Warsaw wants the bloc to fund a “fair” transition to carbon neutrality for the ex-communist country of 38 million people that depends on coal to generate some 80 percent of its power.
Climate Minister Michal Kurtyka expressed optimism about the EU’s proposal to mobilise 100 billion euros over nearly a decade to help achieve zero-emissions, but warned that “public funds alone will not be enough.”
Government plans call for coal to generate 60 percent of electricity in 2030, the date the EU has set to phase out its use.
Warsaw is seeking a 30-percent share of coal in the power mix by 2040, when the proportion of renewables will rise to 30 percent and the first nuclear power unit is due to be online.
Renewable energy use declined since 2016 after the Law and Justice (PiS) government blocked the development of wind power on land. But in a recent turnaround, it vowed to invest in solar and offshore wind.
A majority 69 percent of Poles want Warsaw to stop blocking the EU’s 2050 zero-emissions goal, according to a fresh survey by the independent Kantar pollsters.
– ‘Astronomic’ costs for Czechs –
The Czech Republic also wants the European Union to shoulder part of the estimated 26.5 billion euros ($29.3 billion) it needs to spend to become carbon neutral, a sum that Prime Minister Andrej Babis termed “astronomic”.
While most EU members expect to cut carbon dioxide emissions to zero by 2050, Czechs aim to reach 80 percent of the goal by then.
Fossil fuels made up 57 percent of the Czech Republic’s energy mix last year, with nuclear power accounting for 37 percent and renewable resources six percent, according to the OTE state-owned energy market operator.
Prague wants the EU to accept nuclear energy as an emissions-free source.
It plans to build a new multi-billion-euro nuclear unit at the southern Dukovany plant by 2036. It is seeking a 40-percent share of nuclear energy in its mix by 2040, up from 30 percent in 2016.
Czechs aim to reach a 22-percent share of renewable energy by 2030.
– Budapest wants Brussels to pay –
Hungary estimates it will need 150 billion euros to achieve carbon neutrality by 2050 and has ruled out bearing the “heavy burden” alone.
Budapest says it “cannot write a blank cheque” to fund the transition.
“It has to be made clear that more expensive energy or food cannot be a consequence of the 2050 target,” says Gergely Gulyas, a minister who heads the office of populist Hungarian Prime Minister Viktor Orban.

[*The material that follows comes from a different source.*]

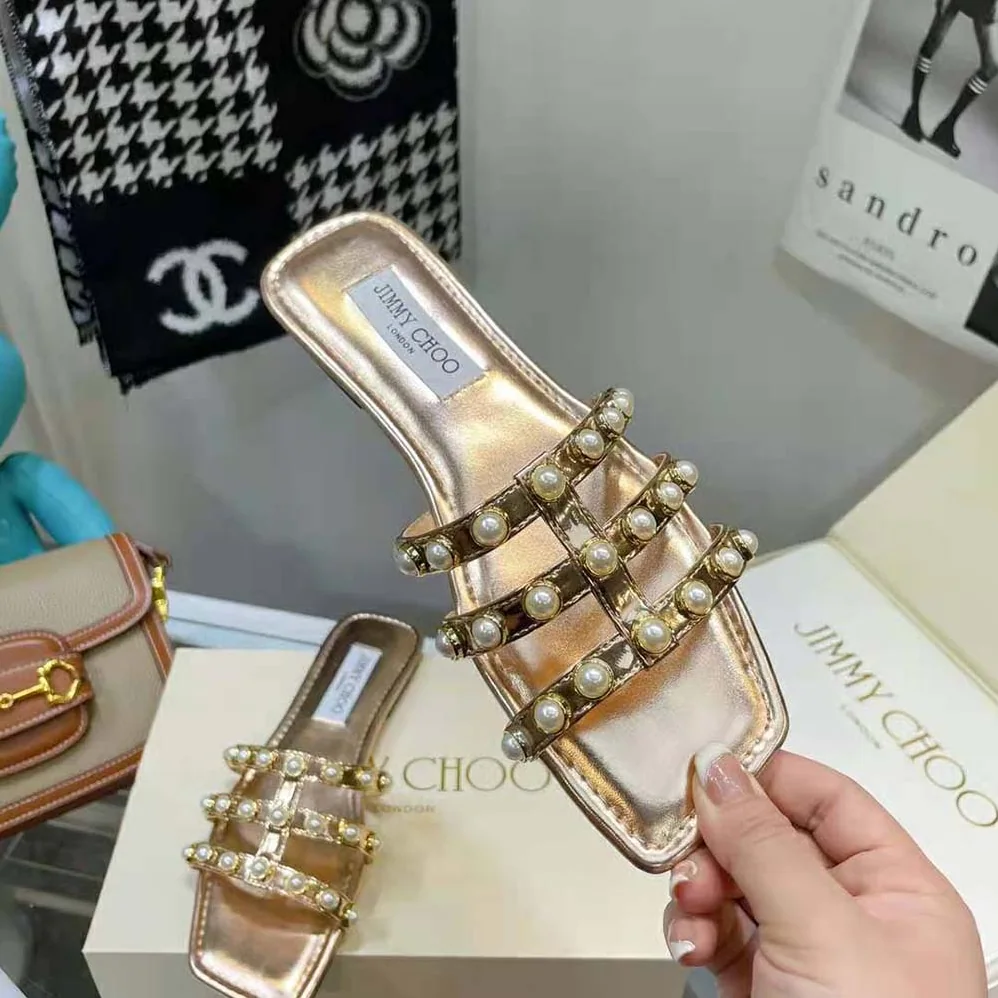 Jimmy Choo Hazal Flat Gold Liquid Metal Leather Flats with Pearl Studs for Women Jimmy Choo Hazal Flat Gold Liquid Metal Leather Flats with Pearl Studs for Women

“It is only and exclusively acceptable if it comes with serious EU contributions,” he added, speaking on Thursday.
Fossil fuels account for 40 percent of Hungary’s power production, with coal-fired power meeting just 16 percent of the electricity needs in this country of ten million people.
Calling itself “a climate champion” and insisting that it is “one of the few” able to reach the EU’s 2030 climate targets, Hungary considers nuclear power a must.
It makes up around half of generated electricity, and a third of the power consumed.
Some observers suggest that Budapest will reject the EU’s 2050 target for carbon neutrality alongside its central European partners to pile the pressure on Brussels during tricky negotiations over the bloc’s 2021-2027 budget.
Hungary fears there may be serious cuts to the EU structural funds it receives.
“Viktor Orban thinks he can exchange lifting his veto (on the climate plan) for an increase in the allocated funds,” said Benedek Javor, a former Hungarian MEP.